Kerala: Why Can’t Women Enter Sabarimala Temple, Asks Supreme Court
January 12th, 2016 / 5:23 PM
Image Courtesy: templedairy
Sabarimala is a Hindu pilgrimage centre located at the Periyar Tiger Reserve in the Western Ghat mountain ranges of Kerala and is one of the largest annual pilgrimages in the world, with an estimated over 100 million devotees visiting every year.
Sabarimala is visited by Hindu pilgrimage, predominantly for men of all ages and can be identified easily, as they wear black or blue dress. Females, between the ages of approximately 10 and 50, are not allowed to enter the temple, since the story attributed to Ayyappa prohibits the entry of the women in the menstrual age group.
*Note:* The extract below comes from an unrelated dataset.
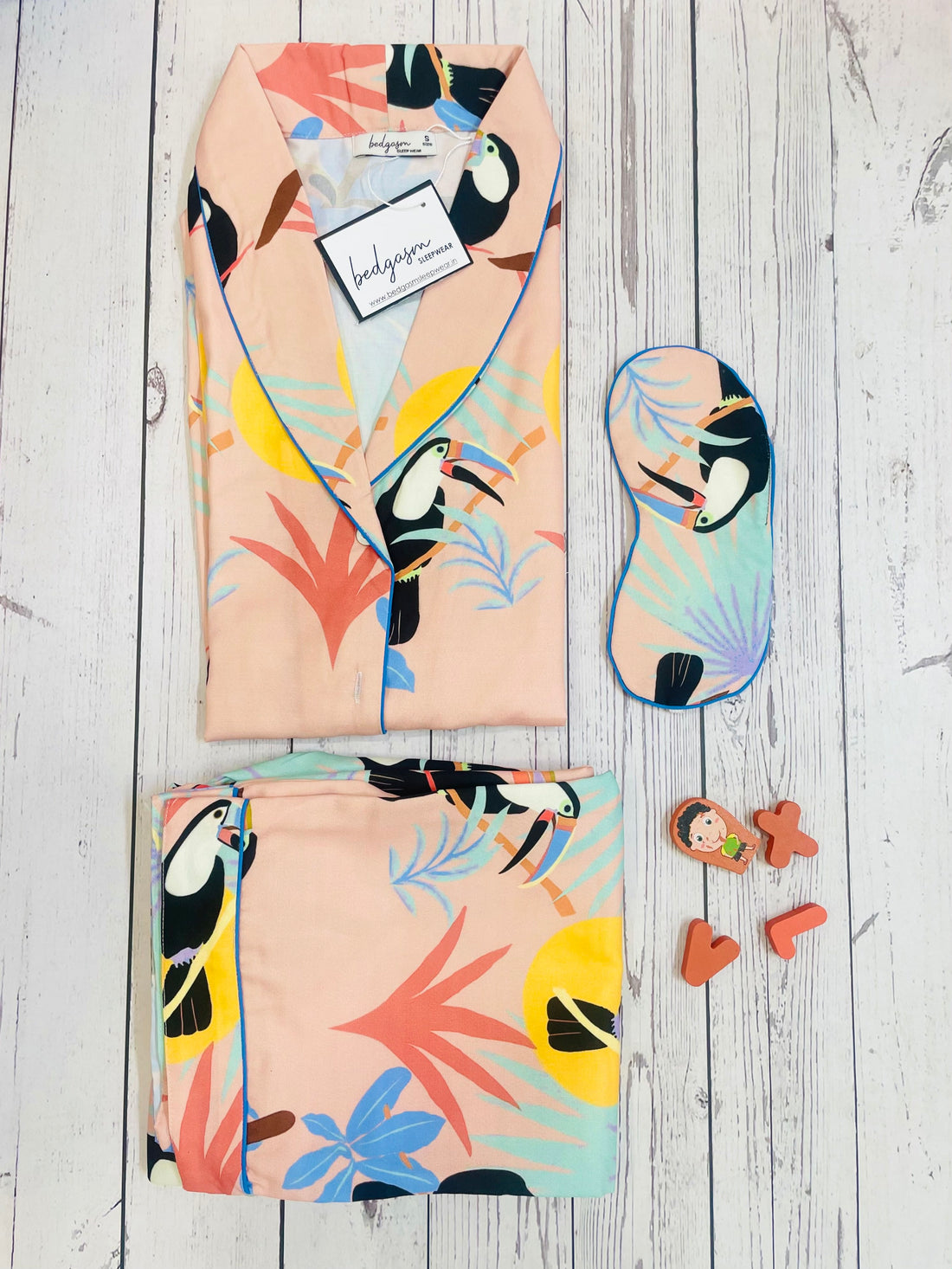 Hawaiian Breezes Nightwear Set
This is because Ayyappan is a Bramhachari (celibate). Some cite the reason of hygiene as the tradition of Pilgrim dates back when there were less resource with women to keep hygiene during menstrual period.
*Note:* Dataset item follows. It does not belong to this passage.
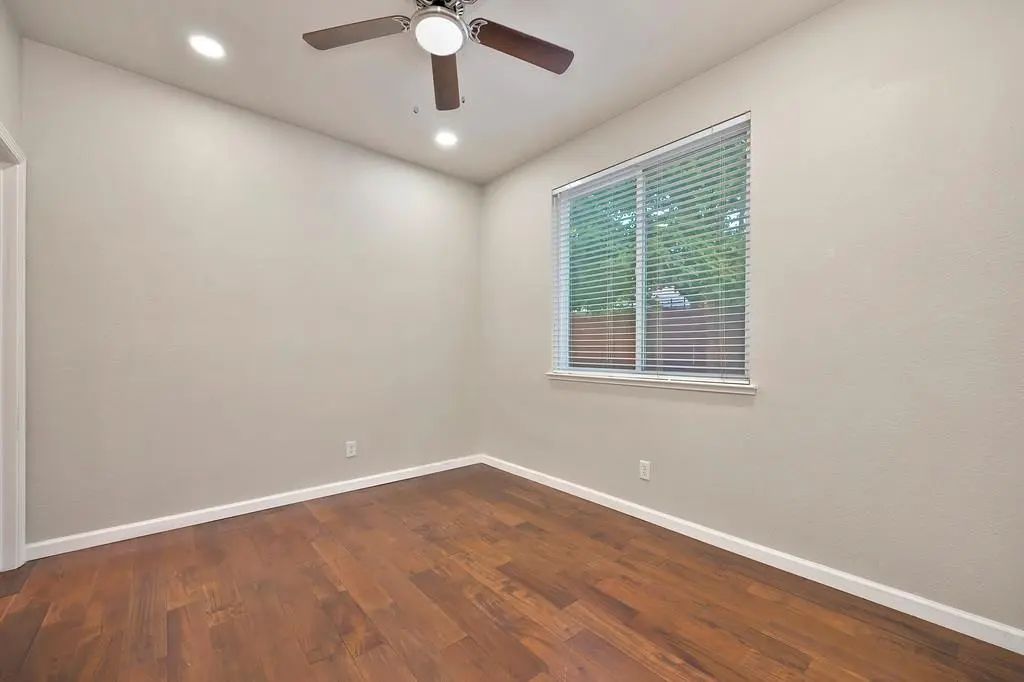 1636 Roadrunner Drive, Roseville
Whatever is the reason behind the banning women from entering temple, Supreme Court stated it to be discriminatory and questioned the age-old practice.
“The temple cannot prohibit entry (women), except on the basis of religion. Unless you have a constitutional right, you cannot prohibit entry,” a judge said.
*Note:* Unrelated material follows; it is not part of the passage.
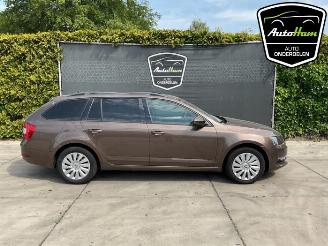 Autoverwertung Skoda Octavia Octavia Combi (5EAC), Combi 5-drs, 2012 / 2020 1.0 TSI 12V 2017/8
Young Lawyers Association has been fighting for women’s right here since last 10 years and the Supreme Court made these observations when hearing the case filed by them against the powerful Travancore Devasom Board. How could anyone be assured that no woman had entered the temple in its 1,500-year-old history the Court asked further?
In a similar case Supreme Court delivering its verdict on a petition filed by priests of Madurai’s Sri Meenakshi Amman Temple, said that “constitutional legitimacy must supersede all religious beliefs or practices”. And made it possible for non-Brahmins to become the priest.
The Logical Indian community welcomes the decision of the Supreme Court. It is important that with time, a society progresses and do away with rituals that don’t suit the time we are leaving in.